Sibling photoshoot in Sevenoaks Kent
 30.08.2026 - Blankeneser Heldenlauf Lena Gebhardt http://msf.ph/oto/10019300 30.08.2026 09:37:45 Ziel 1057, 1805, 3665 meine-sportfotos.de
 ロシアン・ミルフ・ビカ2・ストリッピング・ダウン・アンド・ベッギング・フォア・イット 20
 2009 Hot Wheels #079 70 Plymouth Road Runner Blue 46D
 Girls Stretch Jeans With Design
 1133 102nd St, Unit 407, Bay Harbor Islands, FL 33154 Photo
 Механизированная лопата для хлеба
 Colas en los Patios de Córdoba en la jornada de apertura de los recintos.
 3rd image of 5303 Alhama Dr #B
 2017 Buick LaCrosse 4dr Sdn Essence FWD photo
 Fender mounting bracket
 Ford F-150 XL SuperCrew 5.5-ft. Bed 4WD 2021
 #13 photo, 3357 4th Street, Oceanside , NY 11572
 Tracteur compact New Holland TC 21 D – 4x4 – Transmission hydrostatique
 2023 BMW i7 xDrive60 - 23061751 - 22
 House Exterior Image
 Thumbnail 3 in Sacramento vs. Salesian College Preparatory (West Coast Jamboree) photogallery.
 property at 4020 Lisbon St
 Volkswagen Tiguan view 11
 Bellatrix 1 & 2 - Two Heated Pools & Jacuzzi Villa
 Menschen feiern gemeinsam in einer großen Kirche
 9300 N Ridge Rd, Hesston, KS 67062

Exercise goal
Each line of the records, from the opening one through the line holding "Girls Stretch Jeans With Design", should be restated word for word, with nothing else in the answer.

Exercise solution
Sibling photoshoot in Sevenoaks Kent
 30.08.2026 - Blankeneser Heldenlauf Lena Gebhardt http://msf.ph/oto/10019300 30.08.2026 09:37:45 Ziel 1057, 1805, 3665 meine-sportfotos.de
 ロシアン・ミルフ・ビカ2・ストリッピング・ダウン・アンド・ベッギング・フォア・イット 20
 2009 Hot Wheels #079 70 Plymouth Road Runner Blue 46D
 Girls Stretch Jeans With Design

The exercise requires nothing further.